The Discipline Every High Performer Knows

Leadership

9th November, 2018

From an early age I was an observer of people. In particular of high performers. I held a belief that if someone was really great at something, they would have tips or secrets they could share. If I could discover what they were, it would be easy for me to be better at it too. I might not reach their optimum level but it would definitely fast-track me in the right direction.

Through school that approach worked for sports, preparing for exams and even talking to girls! While I didn’t appreciate it at the time, that belief would serve me well throughout my career.

A few years ago I undertook a research project as part of a course final exam. It required me to research a group of people who were already accomplished at a skill. I had complete freedom on the topic providing I followed the prescribed approach. I chose to study the disciplines of high achievers.

I arranged to meet my CEO at the time and asked him to nominate three high achievers. The people that, regardless of how busy they were, he could rely upon to consistently deliver. The CEO also agreed to ask each of his executive team to nominate their own high achiever. I interviewed all of them and looked for consistent themes to emerge. One theme stood out above all others. They described the discipline in different ways, however the approach remained completely aligned.

They all used the three-part discipline for managing their challenging workloads. They all used an approach of Plan – Do – Review.

1. Plan

They all described how they dedicated time, before jumping into action, to plan what was really important. My colleague, Ben Morton, calls it Slowing down, in order to speed up. He wrote about it recently and you can check it out here.

At the beginning of each week they ask themselves a series of quality questions that set them up for the week ahead. Questions such as:

  • What is my biggest priority this week?
  • How will I be at my very best all week?
  • What qualities do I want other people to experience from me?
  • What am I most looking forward to achieving?

The brilliant Peter Cook, author of The Thought Leaders Practice, recently wrote about the power of designing your week. In his words, “Design your ideal week. I think it’s important to have a template of what you’re aiming for. Without that you’ll just be responding to what’s in front of you or to other people’s agendas.”

2. Do

It will be of little surprise that high performers have a bias towards action. They are outcomes-focused in everything they do. Which means they only commit to action when they are crystal clear what will happen as a result of their efforts, and the impact this will have. If they do not have this clarity, there is no action to take.

Once they say they will do something, they do it.
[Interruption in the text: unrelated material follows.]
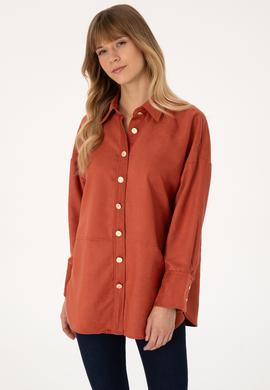 Kadın Gül Kurusu Uzun Kollu Gömlek - 50308740005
Their reputation for being trustworthy and competent is built on the foundation of keeping their promises.

They are fanatical about capturing their actions and priorities. Every high performer describes their own preferred system. The key is they had a system – it was personal to them and it worked.

Don’t mistake activity with achievement.  John Wooden

3. Review

There is a chasm of difference between being busy and being productive. Every high performer dedicates time at the end of the week to review achievements against their plan. For some it is a regular diary entry on a Friday, for others it happens over a glass of wine that evening.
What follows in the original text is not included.